▶ Problem to work on
In the entries that follow, find the line containing "Mesa Bistrô Para" and the line containing "Orange And Chocolate", then copy exactly everything from the first through the second except the pictures.

▶ Information
****************************************

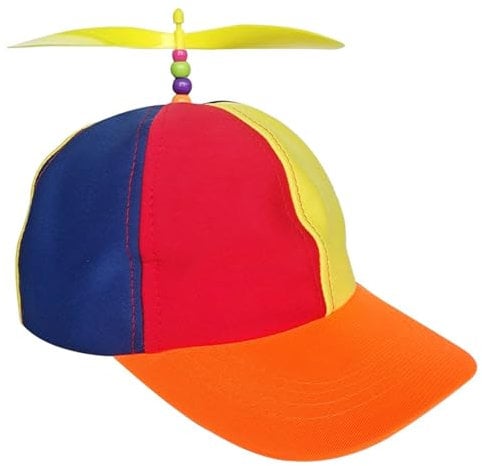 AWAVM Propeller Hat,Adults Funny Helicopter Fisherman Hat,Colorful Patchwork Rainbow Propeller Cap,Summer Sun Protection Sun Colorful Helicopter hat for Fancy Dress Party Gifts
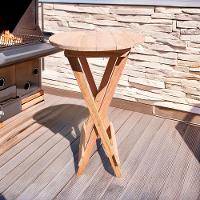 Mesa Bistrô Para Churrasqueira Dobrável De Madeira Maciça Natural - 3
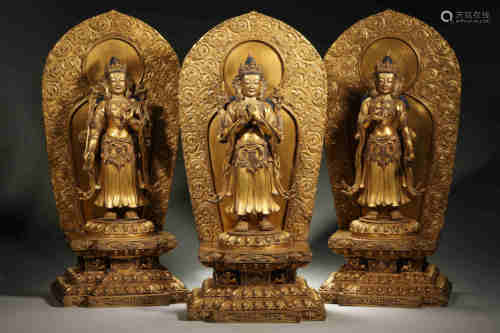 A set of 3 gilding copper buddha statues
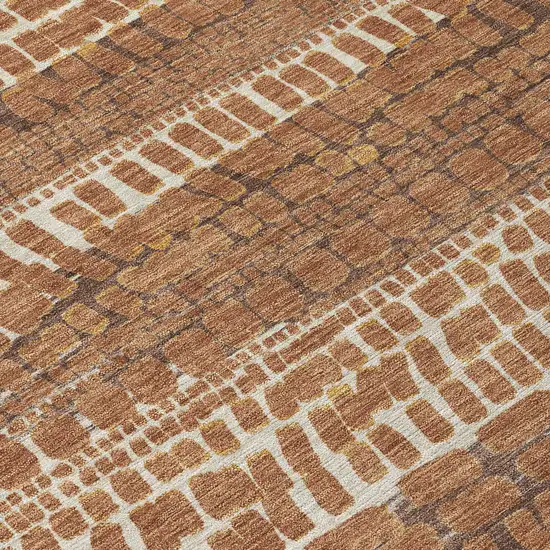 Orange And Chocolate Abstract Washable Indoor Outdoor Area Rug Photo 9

****************************************

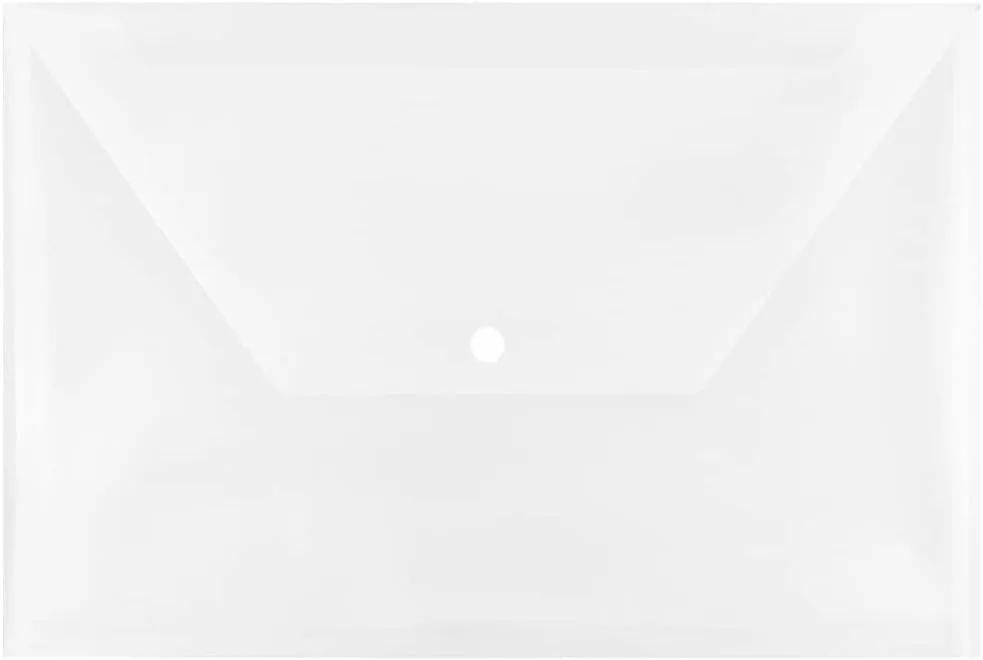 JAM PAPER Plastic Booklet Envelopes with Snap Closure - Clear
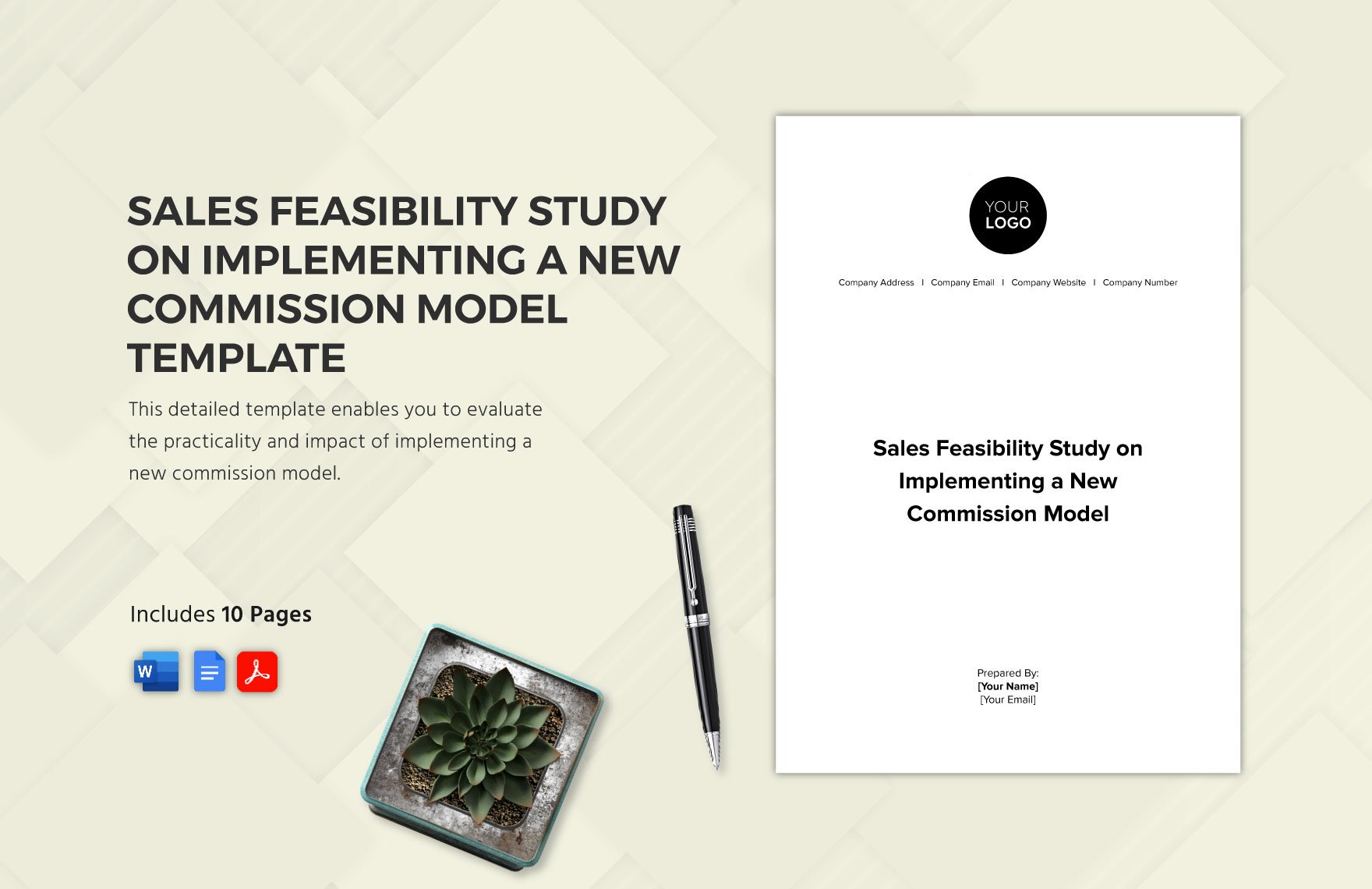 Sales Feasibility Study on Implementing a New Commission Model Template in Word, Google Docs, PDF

****************************************

▶ Exercise output
 Mesa Bistrô Para Churrasqueira Dobrável De Madeira Maciça Natural - 3
 A set of 3 gilding copper buddha statues
 Orange And Chocolate Abstract Washable Indoor Outdoor Area Rug Photo 9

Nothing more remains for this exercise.